Yet, at ₹101, the stock trades at less than six times its 2015-16 earnings, a 50 per cent discount to its peer Coromandel International.
This is after adjusting for its equity investment in Gujarat Alkalies, GNFC and Gujarat Industries Power Company (GIPCL), which amounts to ₹13 per share.
Investors with a three-to-five year perspective can use any price correction to buy the stock. Improving profitability in the existing business and revenue from capacity expansions will drive the company’s growth over the long term.
Both engines firing
After declining sharply in 2013-14, GSFC’s operating profit margin has vaulted to 12.8 per cent in the June 2014 quarter from barely 4 per cent last June, aided by improved profitability in its fertiliser and chemical segment.
Reduction in fertiliser inventory with dealers — from around four million tonnes last April to 1.3 million tonnes now — boosted primary sales.
Also, availability of key raw material — phosphoric acid — from its joint venture company TIFERT, Tunisia, enabled GSFC scale up fertiliser production and sales.
Strong demand for fertilisers and availability of phosphoric acid should help the company achieve healthy volume growth, in excess of 20 per cent, in 2014-15. Change in GSFC’s strategy to focus on profitability instead of revenues, particularly for its chemicals segment, is paying off.
Its prudent decision to desist from using the expensive RLNG to manufacture methanol due to non-availability of cheap gas, helped improve the segment’s operating profit margin- from 1.3 per cent in the June 2013 quarter to 9.6 per cent this year.
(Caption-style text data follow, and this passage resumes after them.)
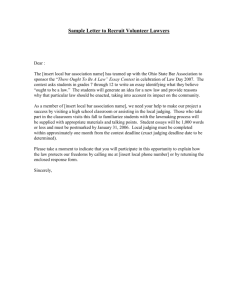 Sample Letter to Recruit Volunteer Lawyers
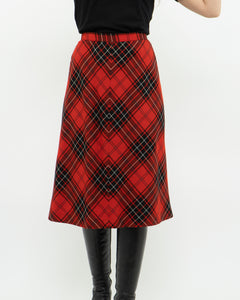 Vintage x Made in Canada x HIGHLAND QUEEN Red Wool Plaid Skirt (XS, S)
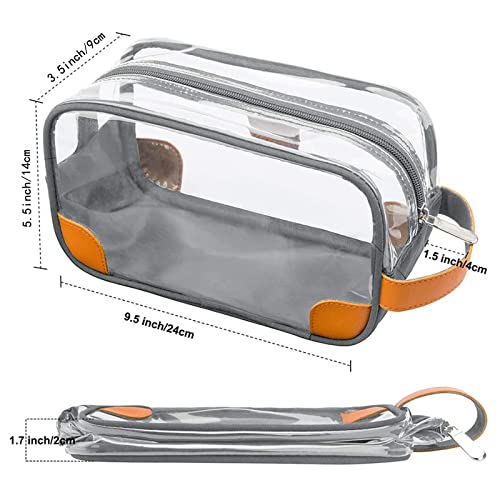 Lermende Toiletry Bag, Clear Shaving Dopp Kit for Men Travel Toiletry Bag with Hand Strap Unisex Bathroom Toiletries Organiser - color: Light Grey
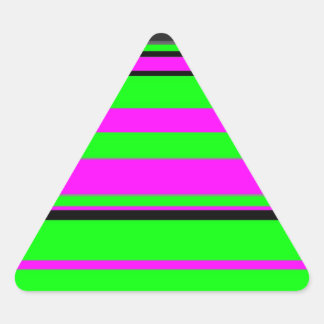 Adesivo Triangular Padrão de Faixa Colorida Verde Rosa Quente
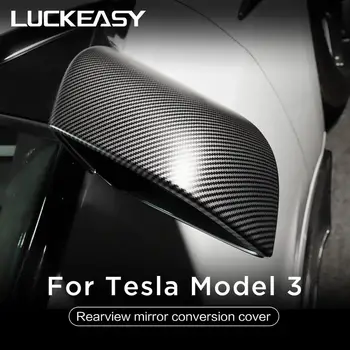 LUCKEASY Auto Eksterjera Modifikāciju Attiecībā uz Tesla Model 3 ABS Oglekļa Šķiedras Stils Matēts Atpakaļskata Spoguļa Vāciņš 2gab/Komplekts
Improvement in the profit margin for its key product, caprolactum (used in tyre manufacturing), on account of higher realisation and fall in price of its key raw material, benzene, also enabled the company improve its chemicals segment’s margin.
Rationalising costs
Higher realisation on caprolactum due to recovery in nylon demand and softer benzene prices on the back of increasing supplies from the US refineries should aid margin improvement in the forthcoming quarters.
Higher wind power generation enabled the company reduce its power and fuel expense as a proportion of revenue from 9.8 per cent in June 2013 to 8.5 per cent in the recent June quarter.
With the commissioning of its 29.4 MW wind power project last quarter, the total wind power capacity now stands at 152.8 MW. In addition to this, the company is in the process of securing long-term supplies of cheaper thermal power.
This will further help the company curtail its power and fuel expense in the long term too.
GSFC’s new Nylon 6 plant (15,000 tpa) at Vadodara is likely to be commissioned by early next year.
This may add ₹265-300 crore to the company’s 2015-16 revenues.
Also, its water soluble fertiliser plant is expected to commence operation by early 2015-16, which should add to its revenues and profits.
The 15,000 tpa high-grade nylon chip plant is expected to be operational by early 2015-16.
Other capacity expansion initiatives such as the 0.5 million tpa complex fertiliser unit at Sikka (Gujarat), 40,000 tpa greenfield melamine plant and the one lakh tpa caprolactam plant will drive GSFC’s revenue and profit growth over the next three-to-five years.
The company also plans to consolidate the financials of its investment companies — GNFC, GIPCL and TIFERT — which can further boost its consolidated earnings.
Further, any positive development in the company’s legal tussle with the Fertiliser Ministry over recovery of subsidy on ammonium sulphate sold, beginning April 2010 and discontinuation of subsidy for the product, may also benefit GSFC.